FISCALITELe comité d’évaluation ne dispose pas encore des données suffisantes
Nicolas Raffin

Nicolas Raffin

L'essentiel

  • La suppression de l’ISF, fin 2017, avait été l’une des premières réformes d’Emmanuel Macron.
  • Un comité d’évaluation a été installé l’année dernière pour mesurer ses effets.
  • Ses premiers travaux, publiés mardi, ne permettent pas de conclure de manière certaine.
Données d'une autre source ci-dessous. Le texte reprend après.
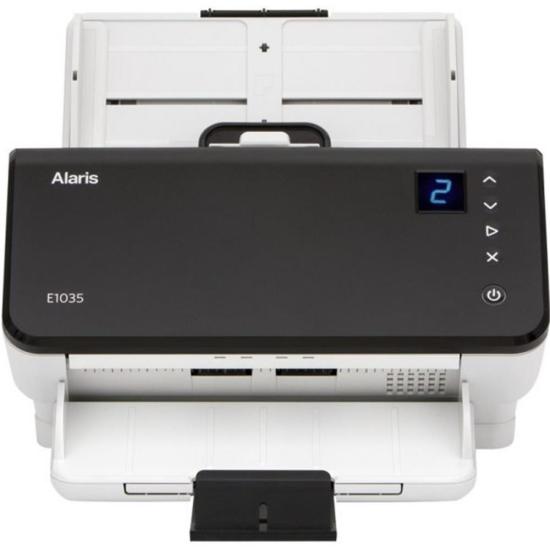 Kodak Alaris 8011876 E1030 A4 Döküman Tarayıcı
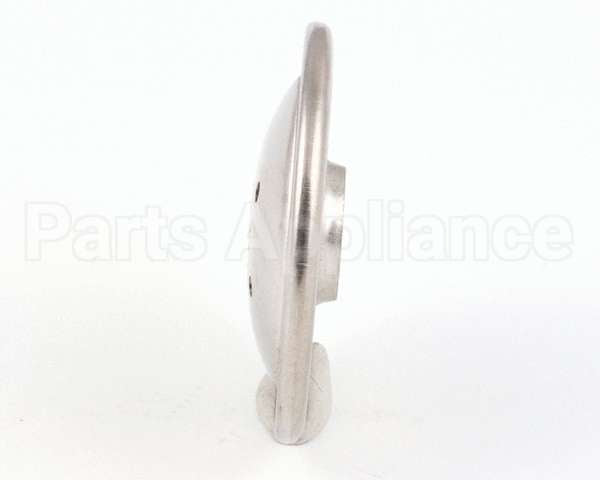 01082.0004 Bunn Sprayhead, 5 Hole-Sst (5-070)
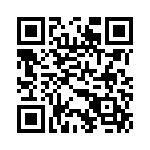 DPS120150U-Z7N QRCode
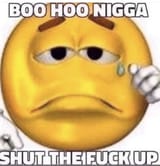 1753050815855689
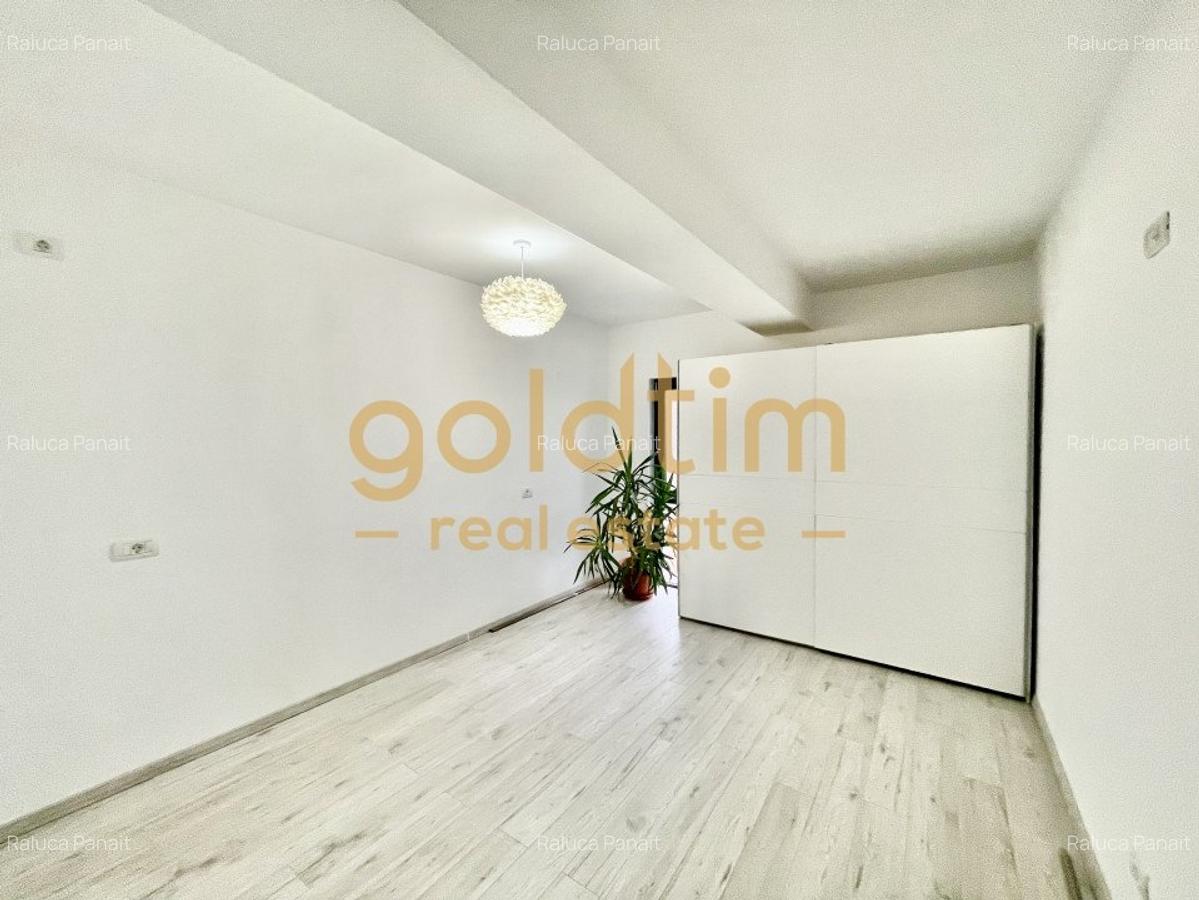 NOU/ LIZIERA PADURII/ PISCINA/ INDIVIDUALA - 16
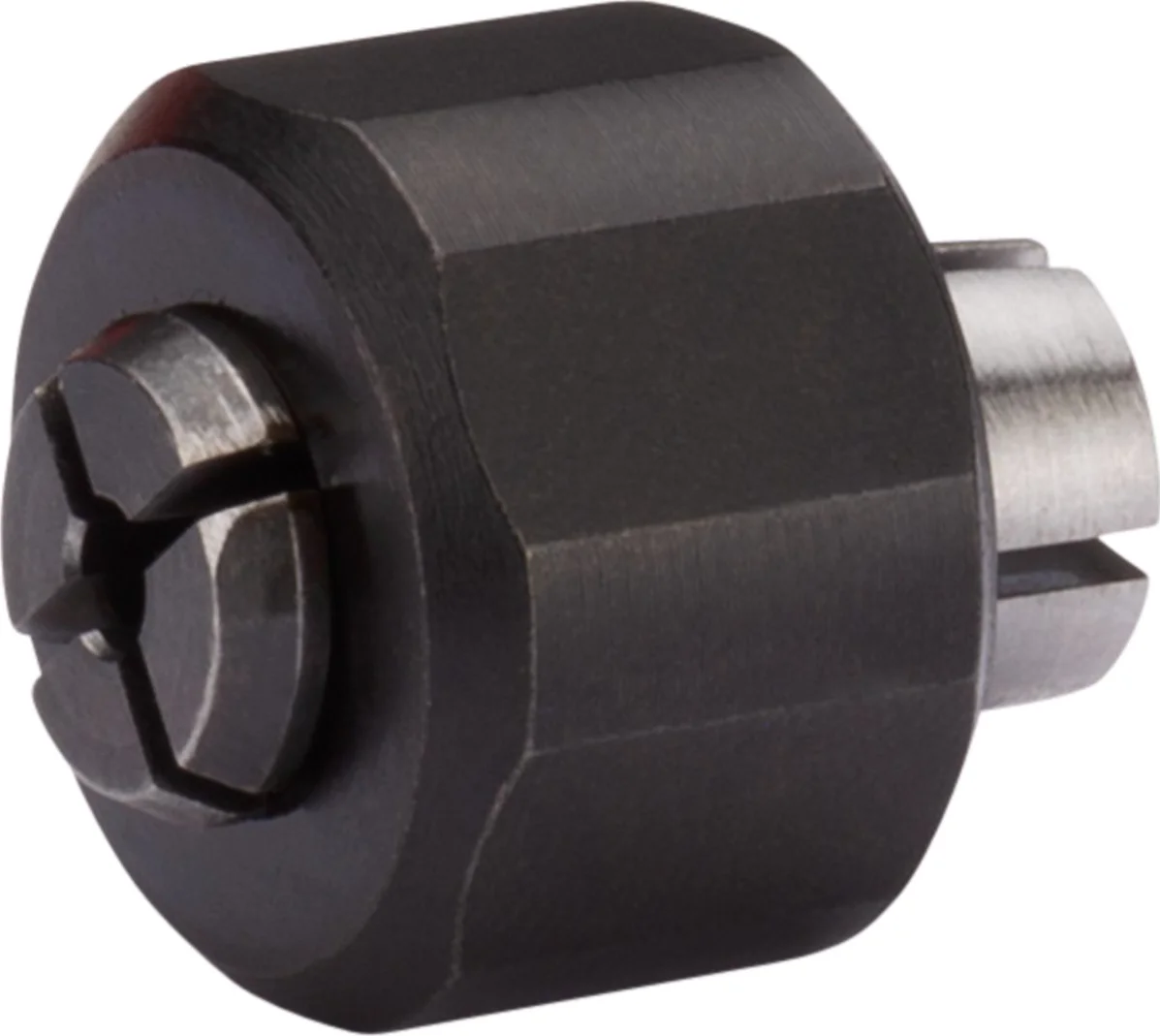 Makita 193011-3 Spantangset 3mm rechte slijper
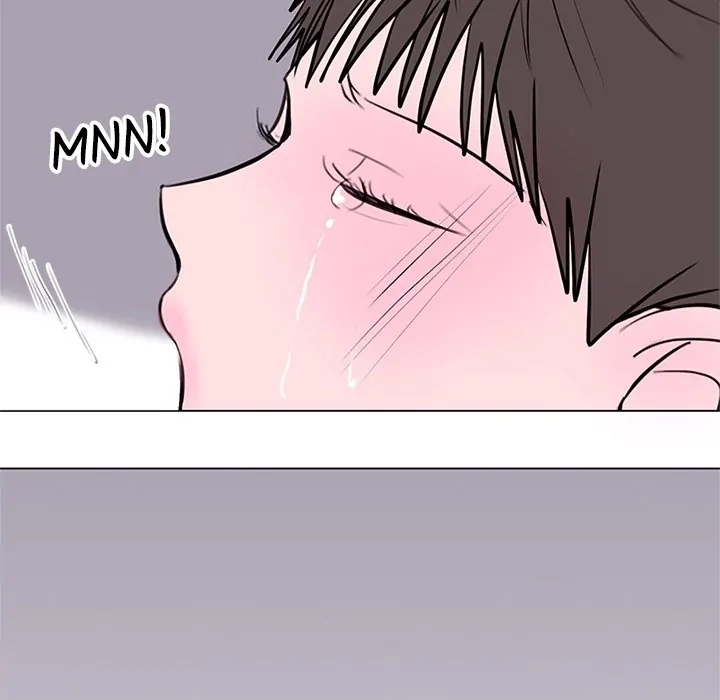 Dragon Warning! Chapter 9 page 81 - 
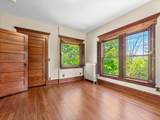 2 Pine Hill Road - Photo 16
C’est « LA » réforme symbolique du début du quinquennat d’Emmanuel Macron : celle de la fiscalité du capital, celle qui avait amené l’opposition et une bonne partie des Français à le dépeindre en « président des riches ». Avec la fin de l’impôt de solidarité sur la fortune (l’ISF, remplacé par l’impôt sur la fortune immobilière) et l’instauration d’un prélèvement forfaitaire unique (PFU, ou « flat-tax ») à 30 % sur les revenus du capital (dividendes), le président envoyait un signal aux ménages les plus aisés.

Pour soutenir la réforme, l’exécutif avait déployé un argumentaire assez simple : la France ne serait pas assez attractive en raison de sa lourde fiscalité, et les investisseurs français n’auraient plus les moyens de dynamiser l’économie en raison des taxes trop lourdes.

Illustration : en décembre 2018, Edouard Philippe justifiait la réforme fiscale, expliquant qu’elle allait « favoriser la croissance de notre tissu d’entreprises (…) stimuler l’investissement et l’innovation ». Bruno Le Maire ne disait pas autre chose en octobre 2017. Dans une tribune publiée par Les Echos, le ministre de l’Economie affirmait que la suppression de l’ISF allait « remettre dans le circuit économique de nouveaux moyens de financement ».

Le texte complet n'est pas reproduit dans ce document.